Esta semana, el diseñador de modas Giorgio Armani, quien aún se reestablece de un ataque de hepatitis, dio señales de que ya está preparando a sus sucesores, para que asuman las riendas de uno de los mayores emporios de la moda.
“Ya estoy organizando al personal que continuará con mi trabajo. Ciertamente, no soy eterno, llega un momento en que debes entregarlo (su puesto)”, dijo el diseñador de 75 años a la prensa en Moscú, donde viajó para apoyar la Semana de la Moda de esa ciudad.
Usando un elegante traje negro, Armani bromeó con los periodistas acerca de su apariencia: “¿Están viendo como soy?, no me veo tan mal todavía ¿cierto?”, dijo el diseñador antes de un animado aplauso de la audiencia, según reprodujo la agencia de noticias Reuters.

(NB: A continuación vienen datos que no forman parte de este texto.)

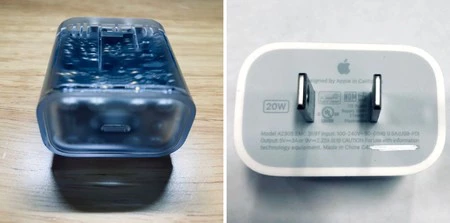 フロントページ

Conocido por su hábil sentido de negocios, Armani no ha detallado cuáles son sus planes de sucesión, en comparación con otros diseñadores de su generación, como Valentino Garavani, quien se retiró de la industria de la moda el año pasado, a los 76 años.

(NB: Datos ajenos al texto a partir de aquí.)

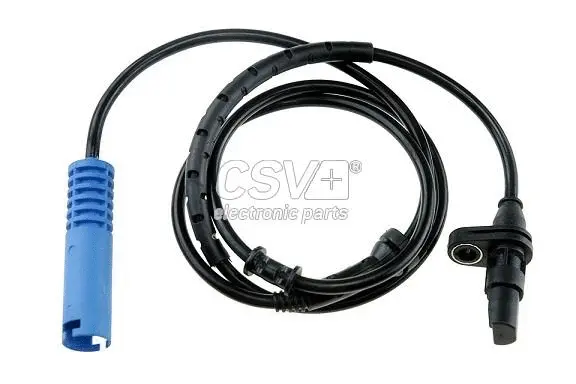 Sensor, wheel speed (CSG9576)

Hasta el momento, Armani no ha nombrado públicamente a un sucesor creativo o comercial.
A fines del mes pasado, el rey Giorgio , como se le conoce en Italia, realizó varios cambios de gerencia para minimizar su cantidad de trabajo y reorganizar su agenda, a fin de cuidar mejor de su salud.
Halagos. En su paso por Rusia, el diseñador italiano se deshizo en halagos para la industria de la moda de ese país, que ha sido una de las más golpeadas este año por la crisis económica.

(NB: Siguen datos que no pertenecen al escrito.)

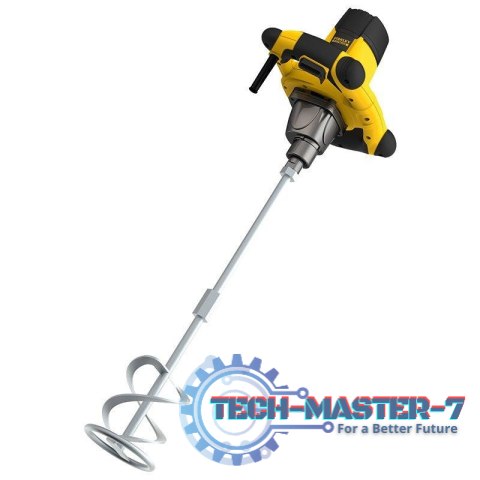 FME190-QS FME190-QS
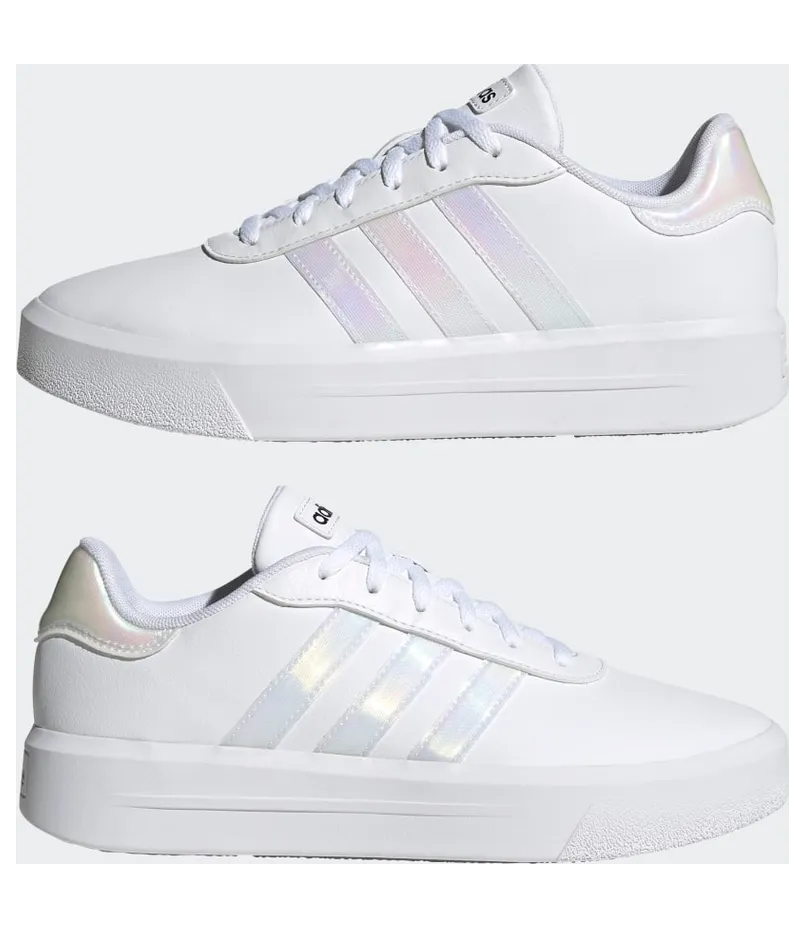 adidas-court H06299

“Hay mercados emergentes asiáticos. Pero el mercado ruso es más cercano a nosotros, noto que es más fácil de asir”, declaró en conferencia de prensa.
“Los rusos influyen en la moda en el plano económico”, dijo entusiasmado el diseñador, quien cuenta con una decena de tiendas de ropa y de muebles en Rusia.
El italiano también aprovechó para alabar la belleza de las modelos rusas.
Influencia. Tal es la influencia que el diseñador ejerce en el mundo de la moda que su colega Santo Versace –uno de los propietarios de la firma Versace– envió una carta al presidente de la república italiana, Giorgio Napolitano, para solicitarle que Armani sea nombrado como senador.
“Una personalidad como Armani, maestro del diseño y figura de la empresa italiana, puede ser el mejor candidato a recibir tan alto reconocimiento del Estado”, reza la carta de Versace, enviada a Napolitano el mes pasado.
En el 2006, la revista Forbes nombró a Armani como el diseñador italiano de mayor éxito comercial de la historia, y estimó su fortuna en $4.100 millones.